JAKARTA, KOMPAS.com - Kejaksaan Agung meminta fatwa kepada Mahkamah Agung (MA) terkait grasi yang diajukan terpidana mati.
Sebelumnya, putusan Mahkamah Konstitusi (MK) Nomor 107/PUU-XIII/2015 pada Juni 2016 lalu, menganulir batas waktu pengajuan grasi selama satu tahun pasca-putusan tetap. Dengan adanya putusan MK itu, pelaksanaan eksekusi mati dianggap sulit mendapat kepastian.
Sebelum melakukan eksekusi mati, pemerintah harus memenuhi hak terpidana, salah satunya pengajuan grasi.

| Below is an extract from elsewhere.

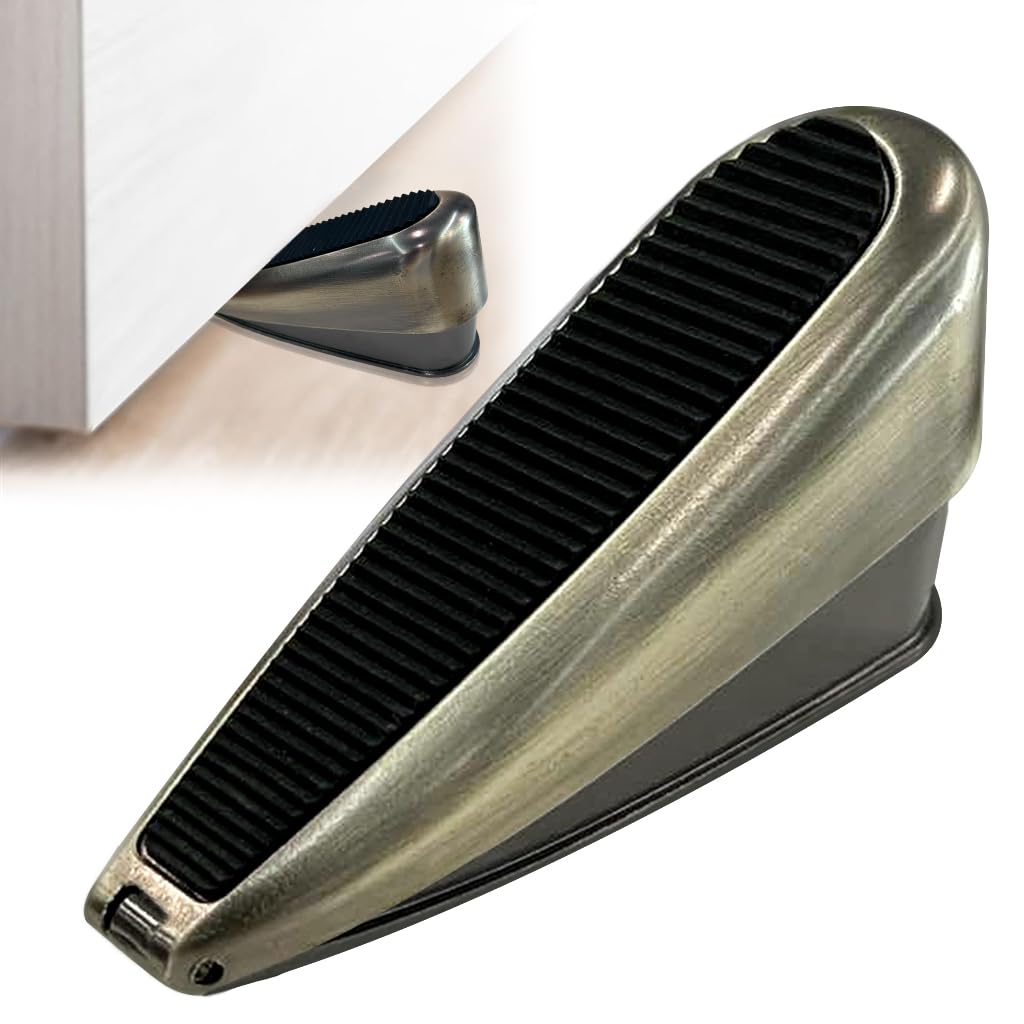 HASTHIP Door Stopper for Home and Office with Spring Loaded Mechanism and 3 in Zinc Alloy Base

Tanpa adanya batasan waktu pengajuan grasi, Kejaksaan Agung menilai terpidana sengaja mengulur waktu.
Namun, Direktur Eksekutif Institute for Criminal Justice Reform (ICJR) Supriyadi Widodo Eddyono mengatakan, hak terpidana mati tidak boleh ditiadakan. Pengajuan grasi tetap dapat dilakukan tanpa batasan waktu.
"Tidak ada lagi tenggat waktu yang mengikat, sehingga berlaku ketentuan bahwa aturan yang paling menguntungkan terpidana mati yang digunakan sebagaimana asas dasar perundang-undangan dalam ranah pidana," kata Supriyadi melalui keterangan tertulis, Sabtu (25/2/2017).
(Baca: Soal Eksekusi Hukuman Mati, Jaksa Agung Minta Fatwa ke MA)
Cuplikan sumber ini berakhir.